TRAVERSE CITY — Before medical insurance existed, patients paid for their own health care costs.

The fee-for-service model went the way of doctors making house calls. But a new screening clinic in Traverse City opened in October with a similar focus. Vital Health Scores aims to put the patient in control of their own health care.

“It’s a redirection of health care from bureaucrats and reactions to patient-centered, proactive care,” said Mark D. Zemanek, a clinical sonographer and educator.

“It’s a screening clinic for metabolic disorders,” said Dr. Douglas J. Wigton, the other half of the Vital Health Scores duo. “Cardiovascular, diabetes, hypertension, those kind of things. And it’s not just finding them when they’re there, but being able to find the hallmarks that might indicate if something is done, you may avoid them.”

Located in Suite C at 1026 Hannah Ave., Vital Health Scores offers services that patients select with a corresponding, pre-determined fee. Wigton — who was in regular family practice for nearly 40 years and still works a couple of days a week during the last four years of his “retirement” — accepts insurance, but most screenings are not covered.

“You can still get it, but you’ll be struck with the $500 to $1,000 bill,” Zemanek said.

A hearing test and a vision screening cost $22.50, for example. Package screenings are also available, including a 40-minute vascular ultrasound screening for $135 and a two-hour executive health screen for $450.

While paying for procedures this way is not common, Wigton said it still can pay dividends in the time of high deductibles, high insurance premiums and health account savings accounts.

“The difference is immense,” Wigton said. “Their deductible may be way more than the $50 we would charge.”

Vital Health Scores uses two examination rooms, each with a primary piece of medical equipment that is owned by Wigton and operated by Zemanek, who has run this type of equipment for 30 years. Zemanek operated Leelanau Diagnostic Ultrasound out of his home in Maple City for nearly a dozen of those years.

One exam room encloses an ultrasound machine that takes two-dimensional pictures. There is also an ankle/brachial index (blood pressure ratio) machine that uses Doppler.

The ultrasound can measure things such as the thickness arteries, like the carotid that delivers blood to the head and brain, or the aortic, the major blood vessel leading from the heart. Ultrasounds can be used to determine arterial health “other than waiting until they’ve had their first anginal attack or MI (myocardial infraction).”

Zemanek said the ultrasound can deliver results that other examinations can’t.

“You give me 100 people off the street and 30 of them will have something substantially wrong with them,” he said. “Thirty percent. It will either be an aortic aneurysm, the major artery going away from the heart. It will be carotid occlusive disease.

“(It can be from) cigarettes, obesity, diabetes, hypertension or, just bad luck — genetics. And they don’t know it. You can’t just take a stethoscope and listen and find it. You have to do the ultrasound. It’s 100 percent accurate,” said Zemanek.

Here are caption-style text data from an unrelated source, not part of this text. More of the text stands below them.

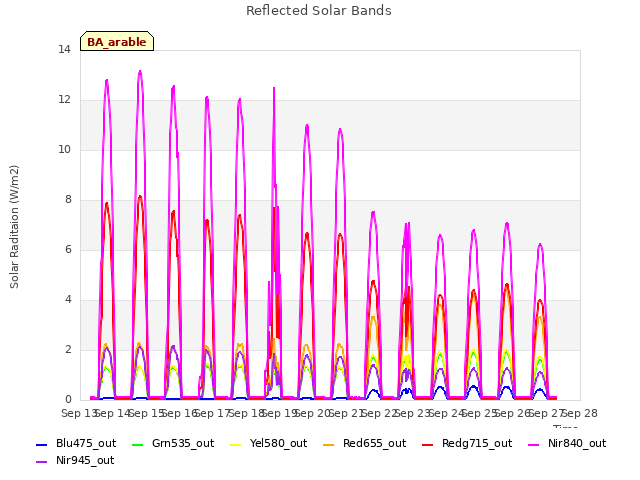 plot of Reflected Solar Bands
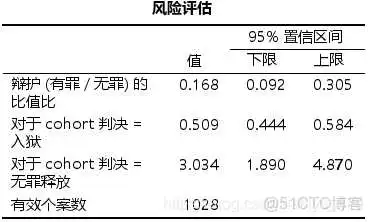 在这里插入图片描述 【科研数据处理建模】SPSS实战操作生成36类常用论文研究案例,供学习参考_spss_181
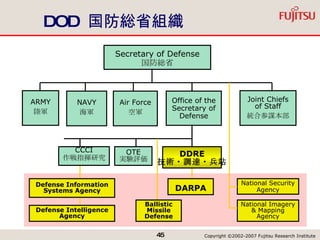 DOD  国防総省組織 ARMY 陸軍 NAVY 海軍 Air Force 空軍 Office of the Secretary of Defense Joint Chiefs of Staff 統合参謀本部 DARPA Secretary of Defense 国防総省 OTE 実験評価 DDRE 技術・調達・兵站 National Imagery & Mapping Agency National Security Agency Ballistic Missile Defense Defense Information Systems Agency Defense Intelligence Agency CCCI 作戦指揮研究 15 Agencies 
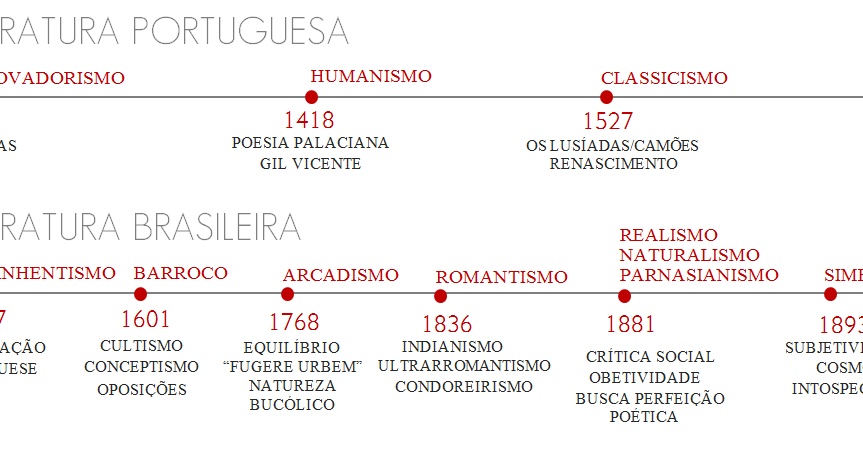 LITERATURA BRASILEIRA COMPLETA EBOOK LITERATURA BRASILEIRA COMPLETA EBOOK
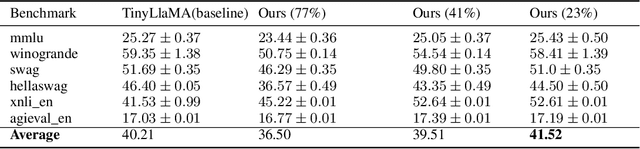 Figure 2 for EchoAtt: Attend, Copy, then Adjust for More Efficient Large Language Models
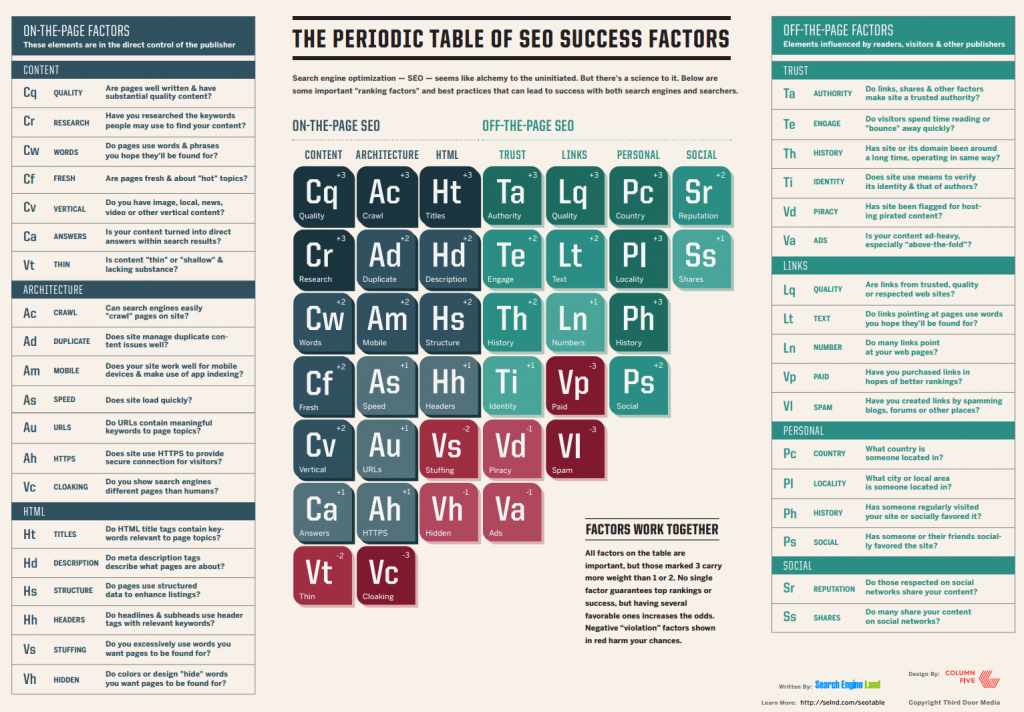 The Periodic Table of SEO Success Factors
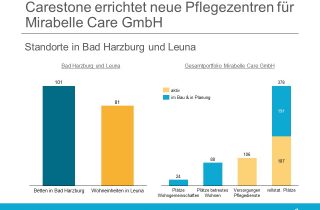 Carestone baut für Mirabelle Care in Leuna und Bad Harzburg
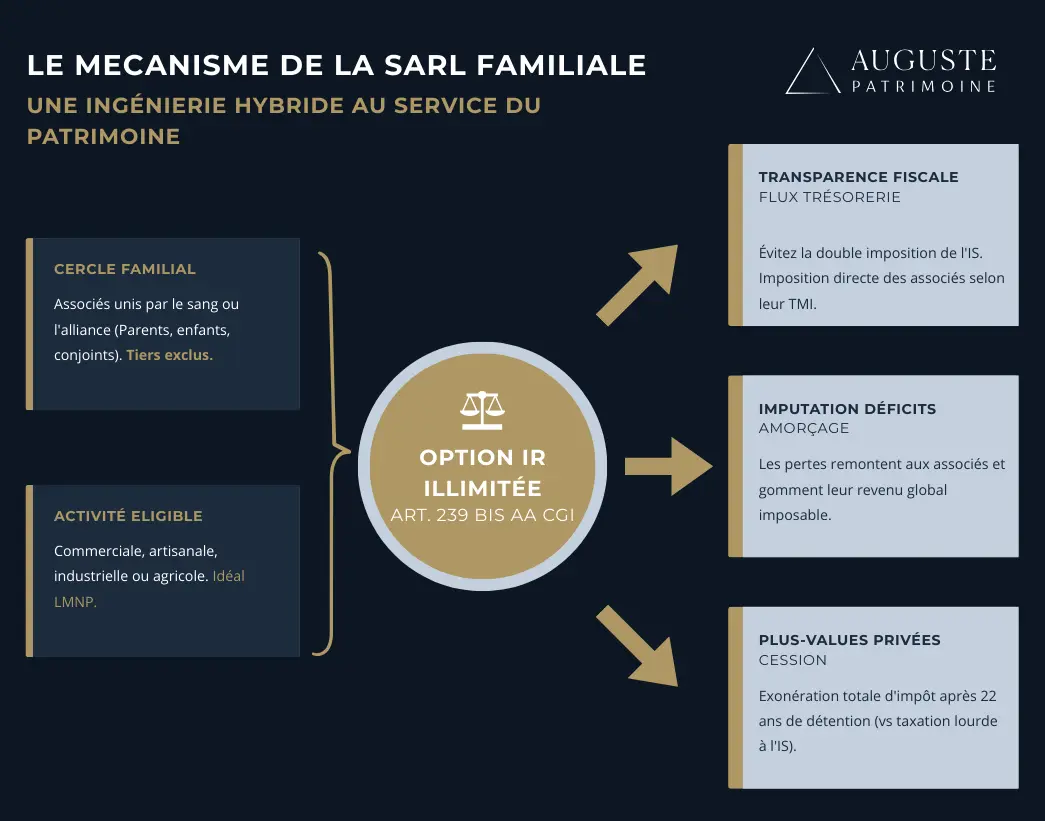 mécanisme de la SARL familiale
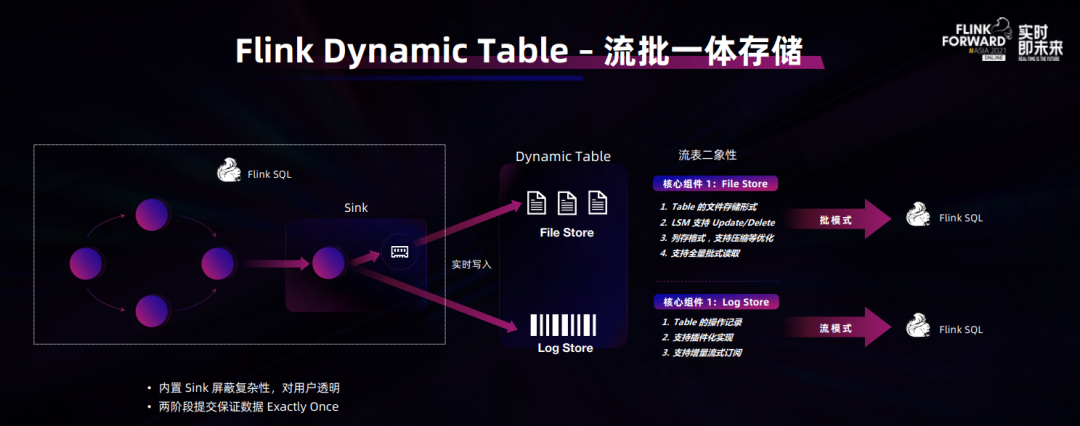 Apache Flink不止于计算，数仓架构或兴起新一轮变革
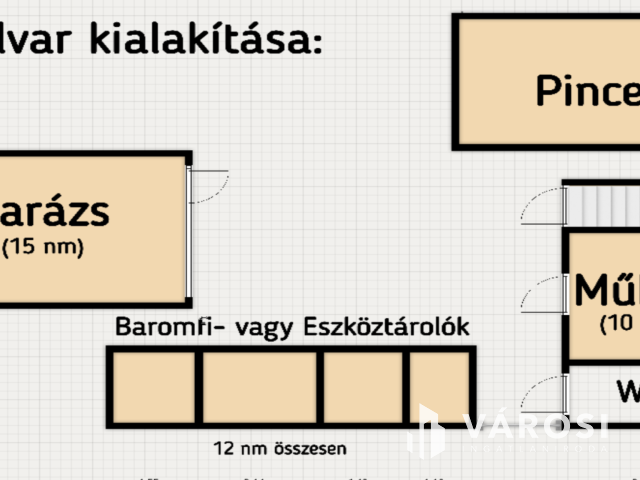 Csend és tágasság - fejleszthető ingatlan Csőváron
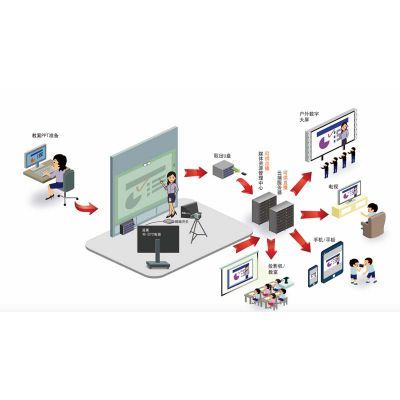 翻轉課堂微課 理念、體驗、工具與系統設計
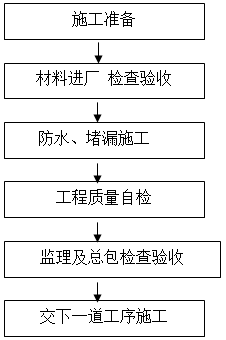 信阳堵漏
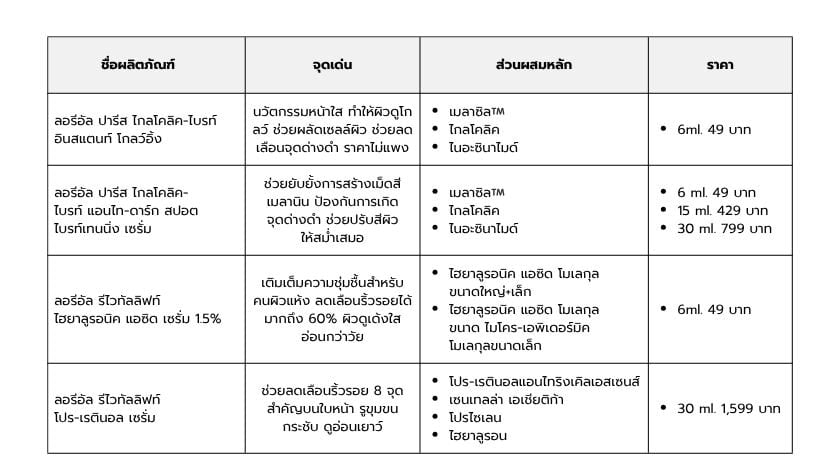 ตาราง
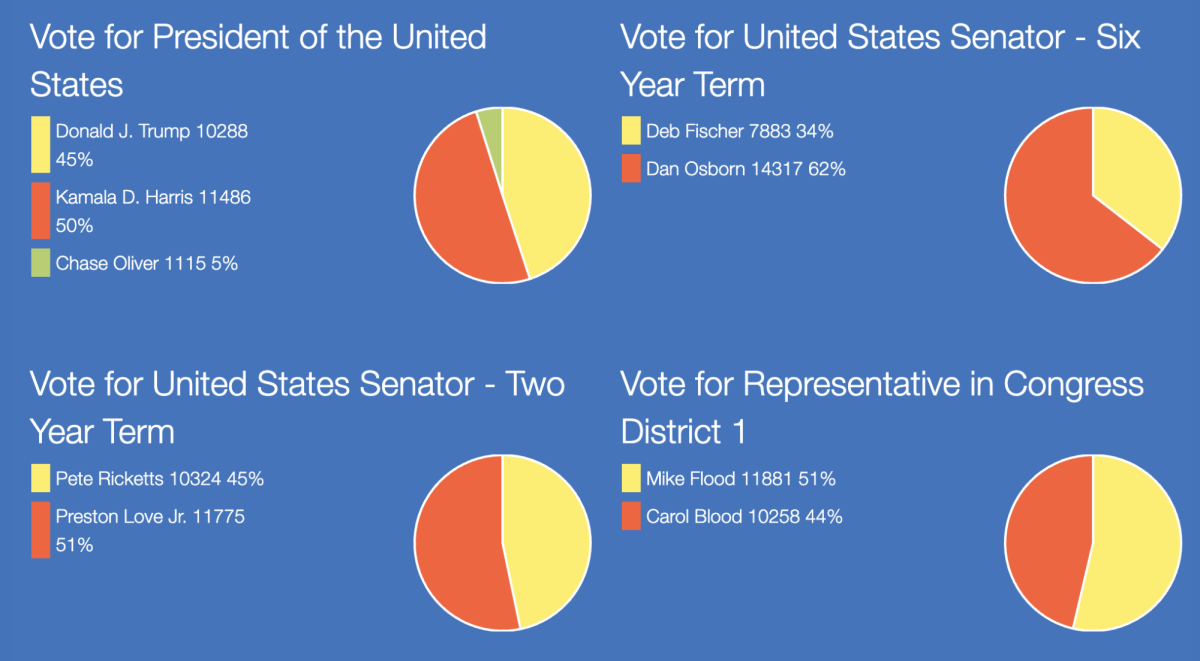 Results from LPS 2024 Student Election, via LPS.com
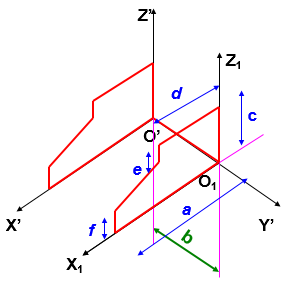 Bài 5: Hình chiếu trục đo - Hoc24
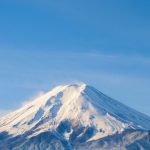 富士山の山開きの期間2018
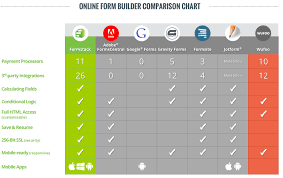 Online Form Builder Comparison Chart Form Builder Online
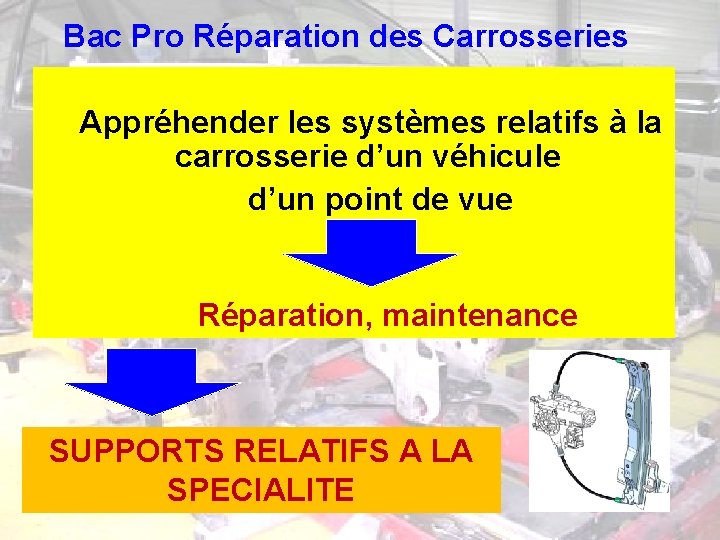 Bac Pro Réparation des Carrosseries Appréhender les systèmes relatifs à la carrosserie d’un véhicule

The business’ other examination room helps determine body and bone health with a dual-energy X-ray absorptiometry (DEXA) machine.

The bone density scan determines lean muscle mass, visceral fat composition and location, as well as overall bone health. While some of these conditions can’t be reversed, others can be altered.

“With diet and lifestyle, things can be changed,” Wigton said. “That’s kind of what we are really anticipating being able to accomplish.”

Zemanek said the two exam rooms and major pieces of equipment help determine an overall health picture.

“You’ve covered everything — literally — from head to toe,” he said.

The screening clinic is not supposed to replace a patient’s doctor, Wigton said. He said the screens can help patients find answers to questions based on symptoms and family history.

“They want to know,” Wigton said. “Well, we want to be the people that help them answer that and then be able to work with their doctor. We’re not trying to be their physicians.”

Zemanek said his business is a return to patient-driven health care. That sentiment was echoed by patient Tom Wigton, the doctor’s brother and an anesthetist for 22 years.

“I love the idea of people taking responsibility for their own health,” Tom Wigton said. “What a novel idea.”

“It’s a shift away from a bureaucratization of medicine to a personal initiative where the patient, the client, steps forward and pays us a very small amount of money compared to what it would cost in an outpatient clinic or hospital setting,” Zemanek said. “And we can give you almost the exact same information and the patient owns the data, they own the report.”